What is the "Decision" in Decision Tree Processing?

Forum Moderators: Robert Charlton & goodroi

Message Too Old, No Replies

What is the "Decision" in Decision Tree Processing?

Lapizuli

6:59 pm on Jul 20, 2011 (gmt 0)

The Google engineer who supposedly worked on the "Panda" update is said to be an expert in "decision tree processing."

I've been trying and trying to figure out what that is, looking here:

[en.wikipedia.org...]

and here

[research.google.com...]

And here:

[seobythesea.com...]

And other places written purely in technospeak.

What I haven't been able to get a grasp on is what decisions are actually the decisions in question.

Are they the decisions the algorithm makes in interpreting the data?

Are they the decisions of the user, which are better understood by the algorithm?

Something else?

Can anyone (Tedster?) explain?

tristanperry

7:38 pm on Jul 20, 2011 (gmt 0)

I haven't read those links, but I've always learnt (computer science degree/graduate) that it's the decisions that the algorithm makes when it comes to understanding/acting on a set of data.

So yep, from the perspective of the algorithm.

tedster

7:53 pm on Jul 20, 2011 (gmt 0)

The purpose of the Panda process is to have an accurate predictive model of "shallow" content as opposed to "high quality" content. To do that, Google first asked their quality raters to create two seed sets of web pages - those that are clearly top quality and those that are obviously not.

Now it comes time to find a predictive algorithm, and the process begins by ranging over all the data signals Google stores for those two seed sets (whether the data signals are currently used for ranking or not.)

The machine learning program needs to generate a combination of factors, mixed and matched in various ways, that generates those two seed sets automatically - essentially duplicating the ratings that the humans had already assigned. Once the combination of factors is found that predicts the good/bad quality with a high degree of accuracy, then that combination of factors is run over the signals data for other pages that were not previously scored by human raters. The accuracy of the data model can then be tested further by looking at these results.

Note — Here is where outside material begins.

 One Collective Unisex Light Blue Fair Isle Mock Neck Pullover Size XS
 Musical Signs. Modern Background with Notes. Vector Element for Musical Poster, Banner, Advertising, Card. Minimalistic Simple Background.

After more and more tweaking of the predictive algorithm, the ideal is to arrive at a highly accurate model that can be used live.

The "decisions" are whether any given signal actually belongs in the predictive model, along with how it gets combined with other signals. Maybe signal A predicts quality content but only when signals B and C are also present. Or maybe the prediction is more accurate when signal C is absent but D is present. Maybe one set of signals can be grouped, and if they reach a certain threshold, then loop back to an earlier position in the tree and wipe out or modify some earlier score.

The number of signals or factors involved is massive and the possible ways of combining them is also immense. The machine learning program would automate all kinds of possible "trees" seeing which one does the best job of predicting. The final decision tree is the outline of how those factors all inter-relate in the final predictive model.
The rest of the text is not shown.